Uma vez, lá no começo dos anos 1990, eu fui ver um show de Ivete Sangalo no Bar Tio Chico, em Petrolina. A expectativa era grande. Não éramos amigos, mas eu a conhecia e a todos os irmãos, do Country- o clube , onde quase todos os domingos se encontravam as crianças de classe média da cidade e onde os Sangalo se destacavam por serem destemidos e pularem do trampolim mais alto.
Enfim, eu estava ansioso para ver Ivetinha (como lembro dos amigos dela a chamando), porque tínhamos amigas em comum, que já me contavam do seu talento. Além disso, seu pai era seresteiro, sua irmã já cantava e a família era conhecida pelos saraus na casa do Country- o bairro.

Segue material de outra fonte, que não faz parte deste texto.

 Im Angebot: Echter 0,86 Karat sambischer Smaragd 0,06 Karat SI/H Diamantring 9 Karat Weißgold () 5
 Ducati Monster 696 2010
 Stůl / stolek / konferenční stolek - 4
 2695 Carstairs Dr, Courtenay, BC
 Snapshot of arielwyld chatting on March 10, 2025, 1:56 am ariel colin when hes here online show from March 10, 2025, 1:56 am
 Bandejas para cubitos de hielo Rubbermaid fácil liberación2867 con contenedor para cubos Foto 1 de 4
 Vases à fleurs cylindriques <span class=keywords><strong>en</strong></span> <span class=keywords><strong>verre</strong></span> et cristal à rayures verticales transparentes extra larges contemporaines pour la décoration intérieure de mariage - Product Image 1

Vizinhos do meu padrinho de crisma, meu tão amado e saudoso Tio Bispo, tenho uma memória bem remota de um destes saraus em que meu pai, também seresteiro, estava.
Fomos então ao show: eu, meu irmão e minha cunhada da época ( meu irmão já vai no terceiro casamento…). Tenho bem nítida a sua imagem momentos antes de entrar no pequeno palco do bar. Ainda pensei em cumprimentar, mas estava tão concentrada, que, obviamente, preferi apenas passar.
Foi a última vez que a vi antes da fama. E foi a primeira vez que ela me impressionou. Tanto que, metido que eu era , fiz uma crônica sobre o show e na segunda-feira estava publicada na seção de cultura do Jornal de Juazeiro (atual Diário da Região). O título era “Ivete Sangalo: uma explosão de canto !”
No texto cheio de adjetivos eu exaltava toda a beleza da sua voz, o repertório, a sua emoção ao cantar a música preferida do pai que havia morrido há pouquíssimo tempo. Fiz uma associação com cantoras que eu amava e amo. E o que me deixa mais orgulhoso: fiz uma previsão de que, em muito pouco tempo, o Brasil inteiro iria se render ao deslumbre que era Ivete. Também fiquei feliz porque soube por tia Adelaide, que ela leu a crônica e queria saber quem era o autor ( eu assinava com meu nome completo ).
Cerca de um ou dois anos após, já a vi em Maceió, numa micareta, em cima de um trio, linda, arrastando uma multidão e acenando toda feliz pra Walter Guerra Filho – e pra mim por tabela. Eu não contive o choro e lembrei da minha crônica, do meu amor por Juazeiro, por arte e especialmente por música.
O resto é história que o Brasil e o mundo já sabem. É talento , é carisma, é estrada, é luta, é verdade, é brasilidade , é juazeiranidade, como diria Fatelzinho.
Tem coisa que não se explica e a gente apenas olha pra ela e diz “é o jeito de ser juazeirense, é o nosso jeito …”
Pena que não sou de guardar as coisas e há muito tempo perdi o jornal com a crônica. Qualquer dia desses, vou lá tentar fazer este resgate.
O mais importante é que estamos aqui, os vivos e os encantados, celebrando a vida de uma filha querida da terra, a filha de Sangalo que vendia joias pra minha mãe e de Dona Ivete que usava uns lindos vestidos longos. Daquele show no Tio Chico, nunca vou esquecer de Ivete Sangalo cantando “Serra da Boa Esperança” e de que o bar estava tão cheio, que o atendimento foi ruim, péssimo mesmo.
O garçom demorou tanto a nos entregar a conta, que demos um belo de um calote e saímos sem pagar. Até hoje tenho pesadelos, achando que o coitado do garçom vem atrás de mim.
Feliz aniversário, Ivete! Muita saúde e um rio de alegrias para você. Contigo nosso carinho e nosso orgulho. Sorte grande, a nossa, em agradecer juntos por sua vida.
Eu, você, João e todo mundo que te ama por este país afora. Ah, a Minha mainha te manda um beijo!